A kilometer is just three-quarters of mile. But in Solomon's day, Jerusalem, with it's first Jewish Temple and a new palace, became quite the attraction. Perhaps Solomon's most famous guest was the Queen of Sheba, wherever Sheba was. Scholars can only guess.
Jerusalem Temple on bedrock
Solomon built his Temple on bedrock at the top of the ridge. Some people today call that hill the Temple Mount.
King David lived down the hill in the City of David. It was a smaller, walled city below the top of the ridge.
Solomon’s pagan shrine
"Solomon built a hilltop shrine for worshiping Chemosh, god of Moab. And on the Mount of Olives, the ridge of hills east of Jerusalem, he built a shrine to worship Molech, another repulsive god of Ammon.He built similar places of worship for all his foreign wives, so they could continue worshiping their own gods by burning incense and offering sacrifices" (1 Kings 11:7-8, Casual English Bible).

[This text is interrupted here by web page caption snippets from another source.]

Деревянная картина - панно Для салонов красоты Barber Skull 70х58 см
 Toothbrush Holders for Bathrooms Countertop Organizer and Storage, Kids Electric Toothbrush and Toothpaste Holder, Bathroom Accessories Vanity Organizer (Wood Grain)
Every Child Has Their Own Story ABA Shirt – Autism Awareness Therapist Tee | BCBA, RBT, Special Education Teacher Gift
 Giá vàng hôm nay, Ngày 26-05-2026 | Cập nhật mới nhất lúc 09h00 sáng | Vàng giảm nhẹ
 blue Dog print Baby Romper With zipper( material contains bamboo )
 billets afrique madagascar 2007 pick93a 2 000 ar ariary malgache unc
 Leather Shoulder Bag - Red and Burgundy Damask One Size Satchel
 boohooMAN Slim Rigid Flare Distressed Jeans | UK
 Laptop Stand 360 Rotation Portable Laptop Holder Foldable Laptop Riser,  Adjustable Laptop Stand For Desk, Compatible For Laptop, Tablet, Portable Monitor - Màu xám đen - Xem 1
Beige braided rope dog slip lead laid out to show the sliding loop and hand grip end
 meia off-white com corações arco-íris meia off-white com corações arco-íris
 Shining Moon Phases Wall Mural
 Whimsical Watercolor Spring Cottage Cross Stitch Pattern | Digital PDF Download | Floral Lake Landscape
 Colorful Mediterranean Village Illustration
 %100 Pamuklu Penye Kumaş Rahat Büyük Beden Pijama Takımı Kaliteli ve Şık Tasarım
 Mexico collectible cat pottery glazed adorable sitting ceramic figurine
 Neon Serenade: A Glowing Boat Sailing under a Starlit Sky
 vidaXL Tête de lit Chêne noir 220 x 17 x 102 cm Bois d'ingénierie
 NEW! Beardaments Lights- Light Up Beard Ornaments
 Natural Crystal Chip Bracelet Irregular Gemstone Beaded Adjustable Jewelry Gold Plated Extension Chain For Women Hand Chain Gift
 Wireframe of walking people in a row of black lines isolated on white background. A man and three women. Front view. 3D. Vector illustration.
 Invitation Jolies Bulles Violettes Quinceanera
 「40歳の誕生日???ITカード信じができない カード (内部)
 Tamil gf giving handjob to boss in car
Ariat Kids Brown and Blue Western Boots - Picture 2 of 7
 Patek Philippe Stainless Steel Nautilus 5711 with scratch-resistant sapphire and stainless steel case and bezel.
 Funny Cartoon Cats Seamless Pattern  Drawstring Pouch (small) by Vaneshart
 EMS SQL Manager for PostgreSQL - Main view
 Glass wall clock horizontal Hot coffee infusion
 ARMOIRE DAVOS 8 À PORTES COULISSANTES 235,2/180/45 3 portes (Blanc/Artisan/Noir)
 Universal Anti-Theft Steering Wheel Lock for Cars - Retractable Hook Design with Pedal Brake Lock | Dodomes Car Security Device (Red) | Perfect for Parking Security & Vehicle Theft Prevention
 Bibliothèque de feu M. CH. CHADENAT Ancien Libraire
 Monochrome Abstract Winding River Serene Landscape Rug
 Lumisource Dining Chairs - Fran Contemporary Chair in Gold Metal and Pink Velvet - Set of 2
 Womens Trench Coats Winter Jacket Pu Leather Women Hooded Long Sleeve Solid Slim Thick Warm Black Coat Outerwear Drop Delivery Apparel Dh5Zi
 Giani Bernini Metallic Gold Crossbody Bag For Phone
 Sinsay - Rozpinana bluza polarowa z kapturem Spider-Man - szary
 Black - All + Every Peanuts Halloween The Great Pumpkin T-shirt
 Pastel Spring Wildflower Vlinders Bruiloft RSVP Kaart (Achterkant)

Jerusalem, uphill, upgraded, upended
Solomon's Temple lasted 400 years, a tad beyond expectations of "builder's grade." Babylonian invaders from what is now southern Iraq destroyed it and the entire city in 586 BC.
Jews deported
Babylonians exiled the surviving Jews to what are now Iraq and Iran. Persians of Iran conquered the Babylonians 50 years later and freed the Jews to go home. They rebuilt an apparently more modest Temple in 516 BC. That means from 586-516 BC, Jews had lived without a Jerusalem worship center for 70 years.
Then, 70 years after they built the second Temple, Nehemiah, a Jewish winetaster for the Persian king, got permission to go to Jerusalem and repair the walls. He served there as governor for about 13 years.